The Year’s Best Dark Fantasy & Horror

19/02/2013 at 5:28 pm (Uncategorized) (, )

Hello, neglected blogosphere. This is a note to let you guys know that my story “The Bird Country” (which originally appeared in Shimmer Issue 15, and can still be read at the Shimmer website here) is going to be appearing in The Year’s Best Dark Fantasy & Horror 2013, edited by Paula Guran.

“The Bird Country” is actually an older story of mine, which I began while I was studying fiction with Scott Snyder, who at that time had not yet become King of All the Comics. I’m using that piece of information as a tenuous link to a discussion of comics, which keep me sane as I plow the icy waves of a Midwestern winter. In terms of comics, here is a thing I like: YOUNG AVENGERS, Y’ALL. New Young Avengers! Young Avengers with Kid Loki! I’m so excited about this title.

But here is a thing I do not like in terms of comics: many of the quotes in this article.

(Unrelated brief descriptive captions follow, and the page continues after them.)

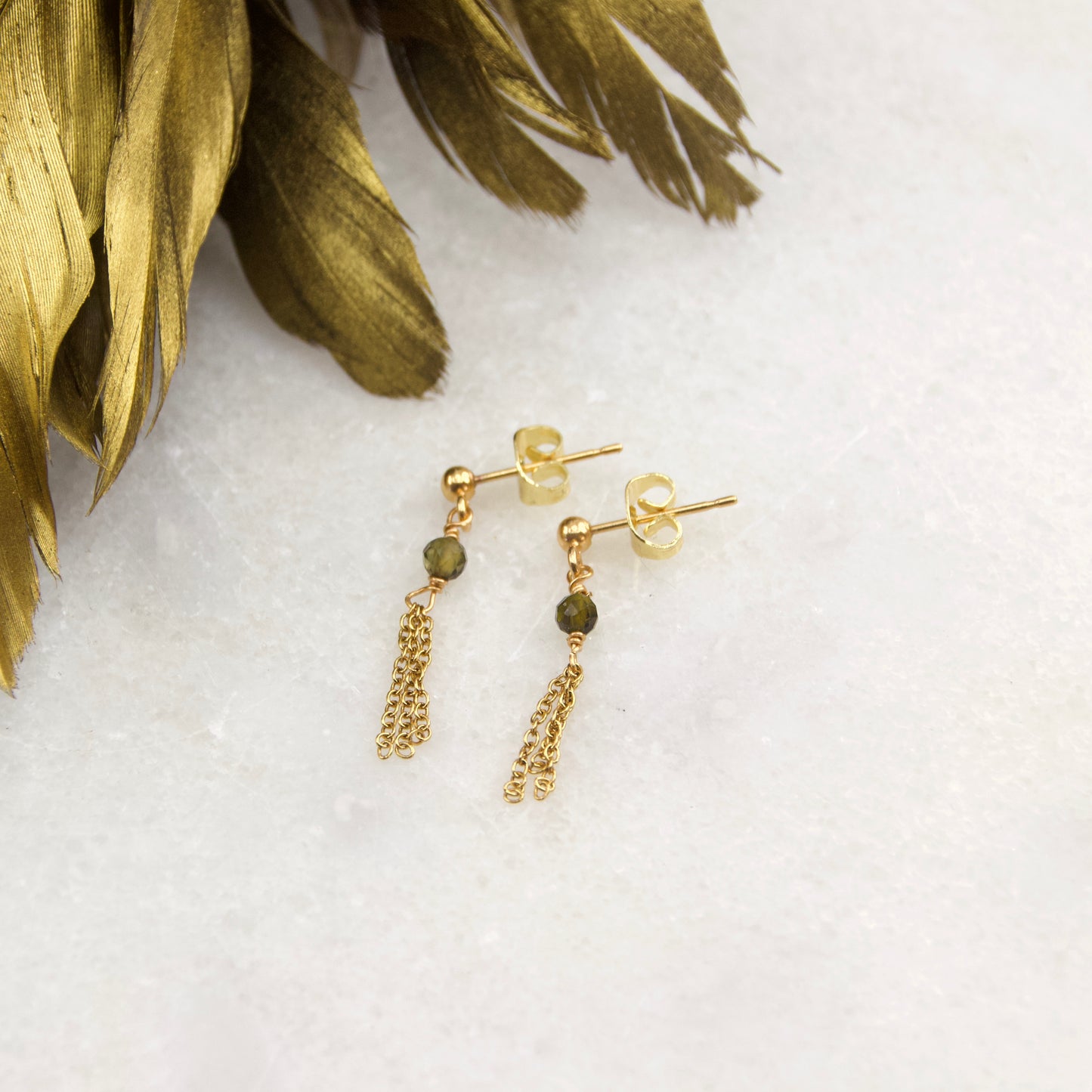 Divine Treasures Tourmaline Tassle Earring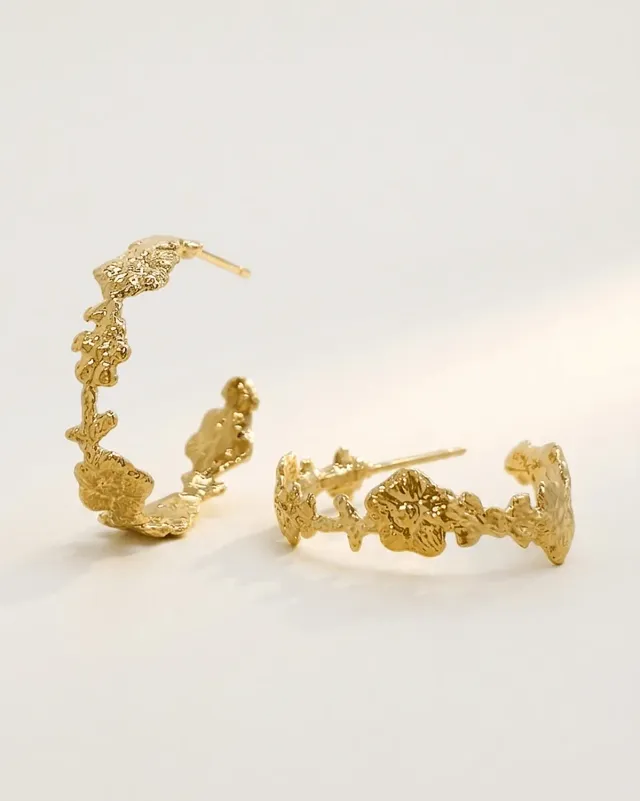 Elise Tsikis Galeo créoles boucles d'oreilles or jaune fleurs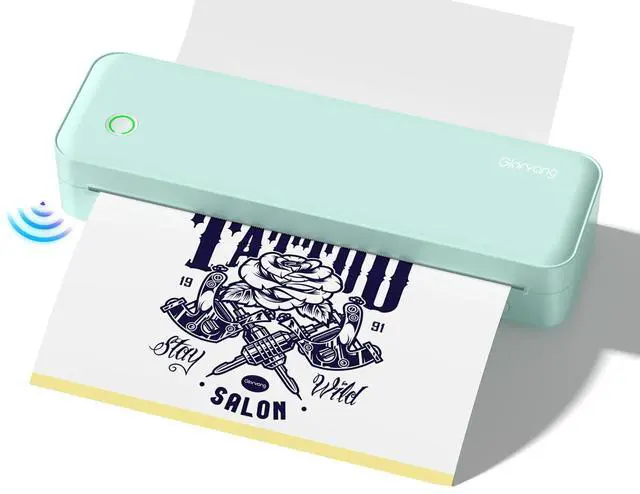 Main image of Gloryang Wireless Tattoo Transfer Stencil Printer, Portable Thermal Tattoo Machine for Tattoo Beginners with 40pcs Stencil Paper, Compatible with Smartphone & PC, Rechargeable & Inkless, Light Green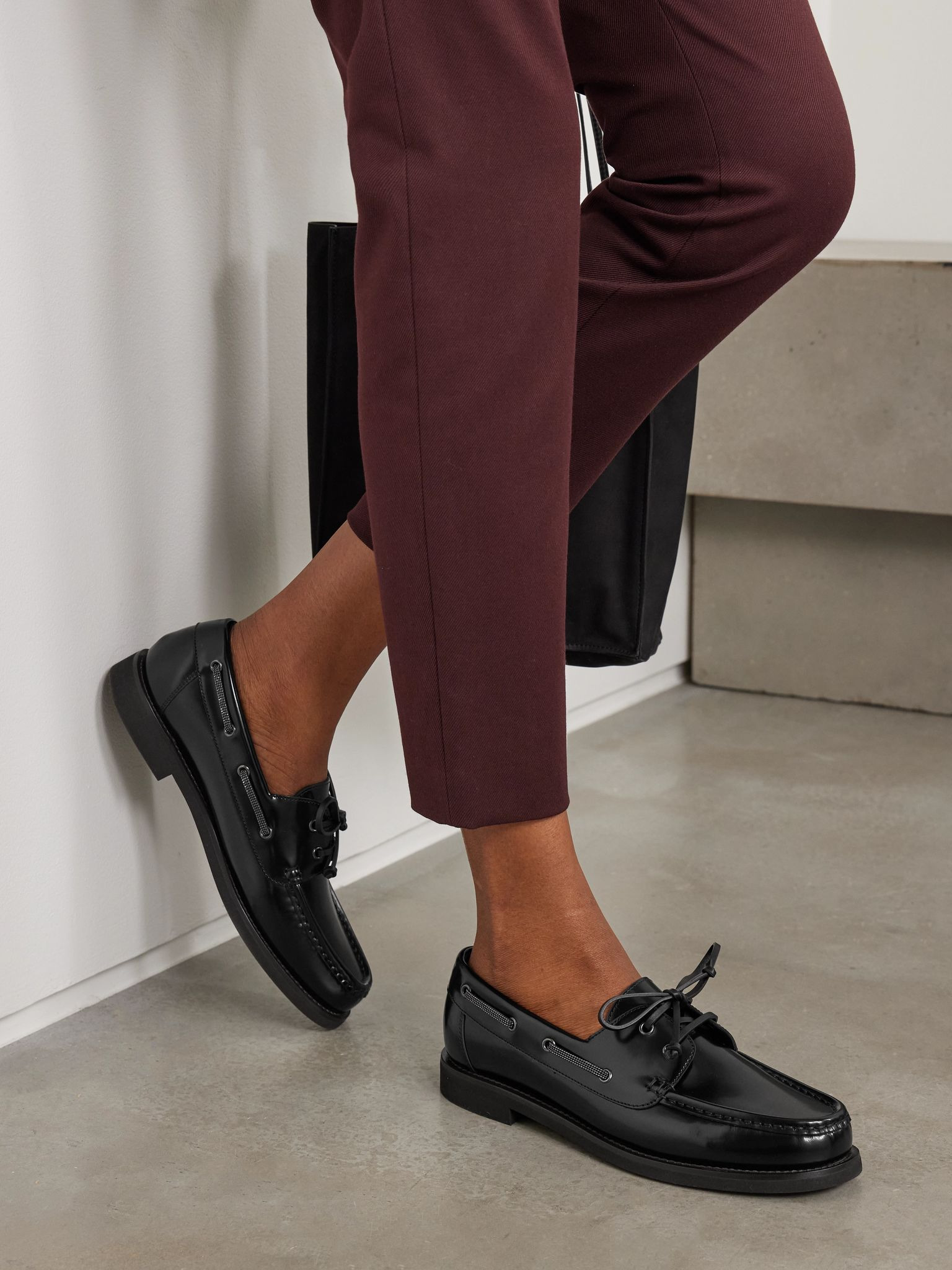 Embellished polished-leather boat shoes Black - 2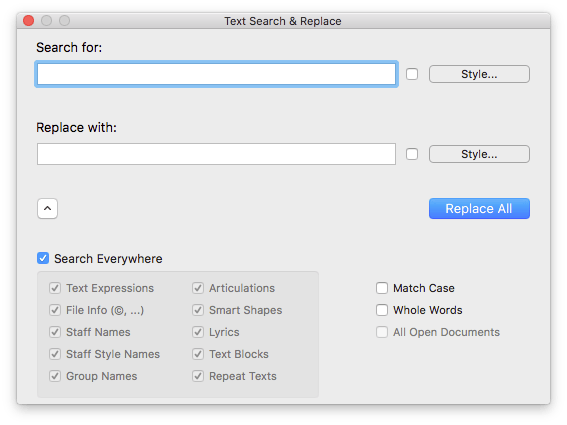 Text Search & Replace dialog box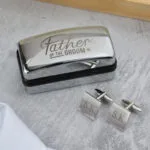 Personalised 'Father of the Groom' Wedding Square Cufflinks & Chrome Plated Gift Box Set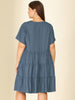 Loose V Neck Short Sleeve Tiered Plus Size Dress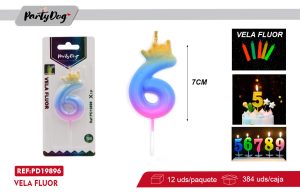 VELAS NUMEROS FLUOR CORONA 6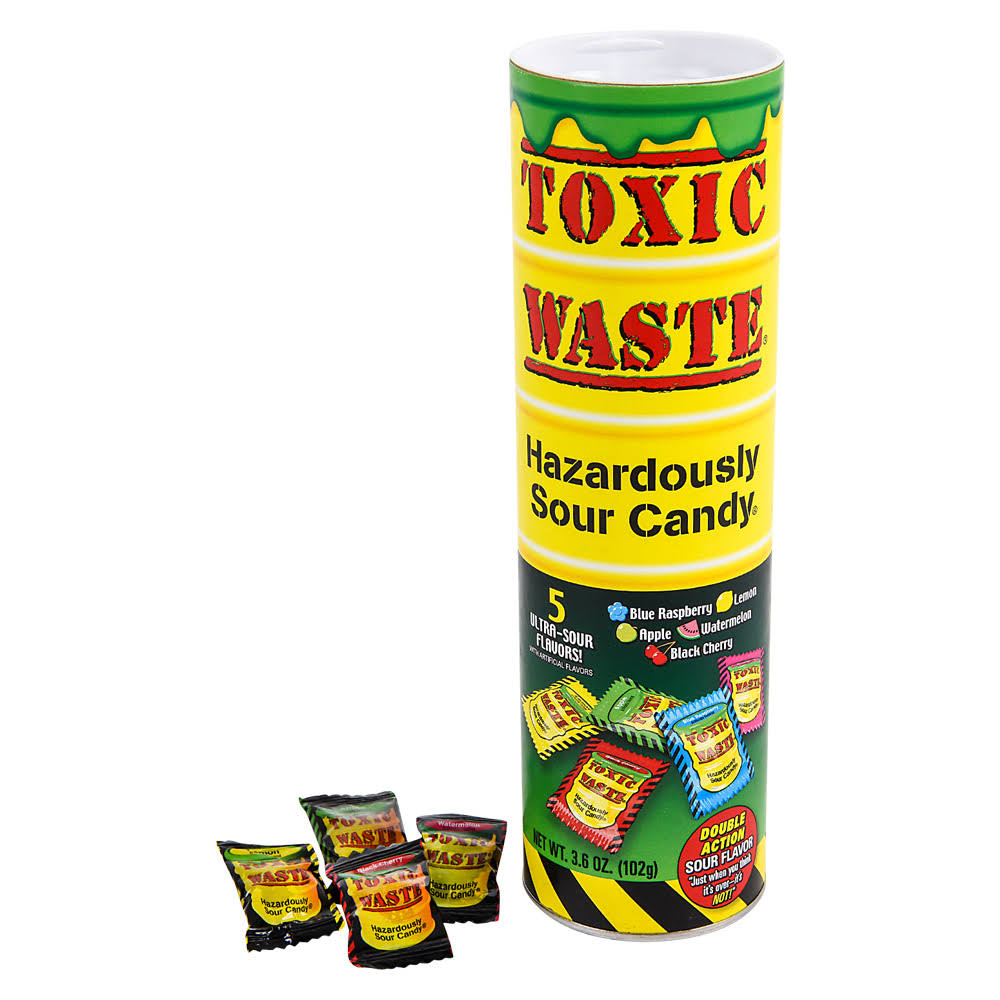 Toxic Waste Hazardously Sour Candy Assorted 3.6 oz Tube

I actually think that the series in question sounds like fun idea, but: “Women for good reason don’t feel particularly engaged in the superhero genre.” O RLY? “If someone like me feels uncomfortable walking into a comic shop, it’s no wonder most teenage girls and adult women wouldn’t set foot inside one.” It’s true that I actively avoid comic shops, but this is because I am generally treated as an alien by the staff. (It’s a girl! What does she want? She must need help. I bet she’s lost.) This doesn’t prevent me from buying a bunch of comics (digitally, used, or– mostly– in trades); I have issues with the representation of women in some of them, but the books themselves do not comprise the culture that’s off-putting to me.

I’ve recently been reminded of just how obnoxious the comics world can be for women. This is a phenomenon that always surprises me, since I have a massive love for superhero comic books. The biggest part of it seems to be an attitude that’s not really misogyny, but rather its cousin: a failure to consider women as fully human. It’s not hatred, but really a kind of condescension. Women, to men with worldviews like this, fall somewhere on a scale between children and pets. All right, perhaps robots: they’re not animals, they’re fully sentient beings, but they just don’t quite come up to the standard of human. So they have to be patted on the head and spoken to very simply. This attitude is why I avoid, for the most part, comics culture. I would end up leading a robot revolution if I had to deal with these things.

Here endeth my thoughts. Except: watch Person of Interest! It’s a weird show that entertains me.

And keep an eye out for The Year’s Best Dark Fantasy & Horror. It too will be entertaining.